Ayako não é propriamente a testemunha de todos os eventos mostrados na narrativa, por isso não se trata sequer de um “olhar o Japão através dos olhos de Ayako”. Este é um retrato de um Japão dolorosamente saindo da derrota, da derrocada dos seus valores supostamente eternos, dos seus princípios estreitos de viver como acima do resto do mundo, para uma crueldade que se fez sentir na carne dos seus filhos. A acção começa em 1949 e terminará – através de vários saltos desiguais mas necessários – em 1972.
Publicado serialmente entre 1972 e 73, Ayako parece ser uma dessas obras do crescente interesse de Tezuka por temas mais adultos, a par e passo com Phoenix e Buddha, mais ou menos contemporâneos. Poder-se-á dizer que esta é uma ficção historiográfica, que tanto foca acontecimentos reais como ficcionais, como outros que parecem seguir à letra o preceito famoso de Eça de Queiroz, “Sob a nudez forte da verdade, o manto diáfano da fantasia”: mudam-se nomes de pessoas, de companhias, mas as pistas das suas relações com o real são apresentadas abertamente. O facto mais premente dessa apropriação foi a morte do presidente da companhia dos caminhos-de-ferro, o Sr. Shimoyama, em 1949, cujas circunstâncias jamais seriam resolvidas.
No entanto, esta não é uma obra que me tenha satisfeito como as anteriores citadas, mesmo tendo em conta que a sua satisfação não está relacionada com o seu género (pois Unico é infantil, e Atom juvenil, mas justos nos seus territórios respectivos). Por um lado, sinto alguma desproporção nas várias intervenções de um narrador extradiegético, que avança mesmo explicações ou notas relativas à realidade externa ao enredo, e o restante ritmo da obra, apresentado sob a forma de pequenos capítulos, nem sempre correspondentes a uma mesma divisão cronológica. O contraste é maior mesmo na forma como surge – uma mancha numa letragem mecânica em vinhetas esparsas – ou se cotejadas ao único momento em que Jiro Tengé ocupa essa função, na primeira refeição em família (vol. 1, pgs. 28-29).

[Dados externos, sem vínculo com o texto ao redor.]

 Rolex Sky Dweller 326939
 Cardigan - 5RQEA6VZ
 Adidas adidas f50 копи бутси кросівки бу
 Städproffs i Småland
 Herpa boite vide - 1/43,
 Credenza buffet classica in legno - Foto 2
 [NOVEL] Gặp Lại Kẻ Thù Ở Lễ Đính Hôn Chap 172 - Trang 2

Mesmo em comparação com Barbara, também editada na mesma colecção, os desenhos, os cenários, a mise-en-page de Ayako parece-me ser mais fruto de trabalho de estúdio que de verve criativa. Em primeiro lugar, os desenhos que parecem ser ilustrações de notícias ou desenhos industriais, sempre que se citam acontecimentos não centrais ao enredo (p. ex., a segunda vinheta da pg. 72, vol. 1, ou a cena de batalha entre os yakuza na pg. 137, vol. 3); mesmo no tratamento dramático pretendido com o rosto de Jiro na pg. 121, vol. 1, surge menos como um contraste operativo do que uma infeliz mistura de estilos. Muitos dos cenários, inclusive paisagens, edifícios ou viaturas, parecem ser decalques de um qualquer catálogo de figuras pré-fabricadas e prontas a usar. Não digo que Tezuka jamais tenha recorrido às mesmas técnicas e ajudas noutras obras, mas há neste título uma mais débil dissimulação ou integração.

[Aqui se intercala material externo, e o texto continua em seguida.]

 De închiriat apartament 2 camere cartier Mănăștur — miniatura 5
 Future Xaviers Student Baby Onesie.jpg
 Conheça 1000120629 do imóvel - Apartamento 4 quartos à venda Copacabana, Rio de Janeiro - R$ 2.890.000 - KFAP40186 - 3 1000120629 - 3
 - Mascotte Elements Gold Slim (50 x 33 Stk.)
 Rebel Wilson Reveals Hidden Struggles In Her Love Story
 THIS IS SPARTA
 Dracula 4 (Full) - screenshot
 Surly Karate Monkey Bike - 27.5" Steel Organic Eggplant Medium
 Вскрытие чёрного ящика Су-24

Não que não surjam planos e estratégias formais relativamente surpreendentes. Não nos esqueçamos que Tezuka, não obstante trabalhar para um grande público, não abdicava de experimentar novas técnicas no que diz respeito à mangá. Vejam-se, por exemplo, a primeira vinheta da pg. 82 do primeiro volume, em que vemos as duas linhas (paralelas) do comboio e os círculos formados pela chuva num plongée a partir de um ápice em relação ao solo, mas os traços da mesma chuva e Jiro numa perspectiva diferente, formando assim uma composição inusitada (e que se repetirá aqui e ali). Ou a literalmente cena teatral em que apenas as personagens mudam e se confrontam, entram e saem, num cenário imóvel, entre as páginas 113 e 124 do vol. 3 (estratégia que não será minimamente reutilizada e por isso destoa com as restantes estratégias).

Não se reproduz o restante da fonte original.